#598 closed enhancement (fixed)

add 'tahoe backup' command: fast versioned readonly backups

Reported by: warner Owned by:
Priority: major Milestone: 1.3.0
Component: code-frontend-cli Version: 1.2.0
Keywords: Cc: tahoe-dev@…
Launchpad Bug:

Description

As a complement to the only-the-latest-version 'tahoe sync' command described in #597, I'd like to have a full-featured multiple-version 'tahoe backup' command too. This would behave like the existing windows-only allmydata.com backup tool:

tahoe backup LOCALDIR ALIAS:BACKUPBASEDIR

LOCALDIR refers to a directory on the local disk. ALIAS:BACKUPBASEDIR will refer to a writeable Tahoe directory; it will be created if it does not already exist.

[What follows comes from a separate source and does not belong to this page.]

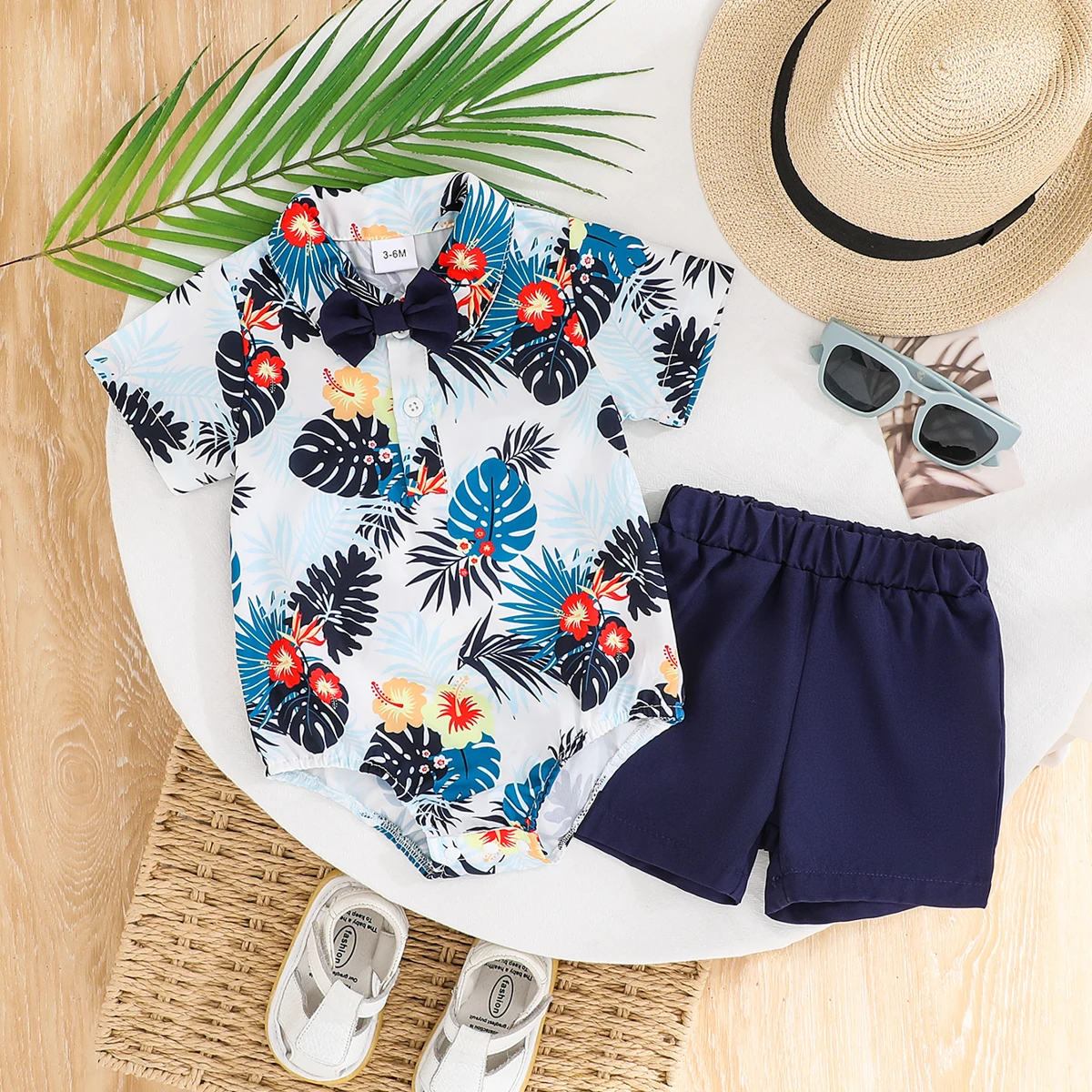 

3-24 months summer baby boy print seaside vacation gentlemanly style bow tie with flip collar, short sleeved crawling suit, two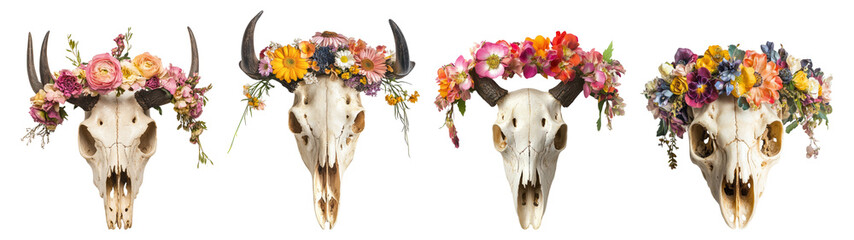 Decorative Animal Skulls with Colorful Floral Crowns for Boho Style, PNG bundle collection, Isolated on Transparent Background, PNG bundle collection, Isolated on Transparent Background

Each time this is run, ALIAS:BACKUPBASEDIR/$TIMESTAMP will be created, as a read-only directory that contains an exact mirror of the local disk's LOCALDIR subtree. In addition, ALIAS:BACKUPBASEDIR/Latest will be a read-only reference to the same directory. Over time, BACKUPBASEDIR/ will be filled with a series of timestamped directories, containing historical backups.

Whenever possible, $TIMESTAMP[n] will contain references to files and directories created under $TIMESTAMP[n-1]; i.e. backups will share unchanged objects with earlier backups. Each backup, once finished, will not be changed again. If/when Tahoe acquires immutable dirnodes, 'tahoe backup' will take advantage of them. Meanwhile, it will use read-only dirnodes, by throwing out the write-cap for the $TIMESTAMP directory when the backup is done.

This will use the same backupdb as described in #597 to reduce the amount of work that must be done for unchanged files.

A basic backup system could be constructed by simply running 'tahoe backup' in a cron job. It might be a good idea to have a lockfile of some sort to make this usage safer (i.e. prevent overruns from causing two simultaneous backups from running at the same time).

Change History (9)

comment:1 Changed at 2009-01-31T00:10:03Z by warner

Looks like this is more important than #597 .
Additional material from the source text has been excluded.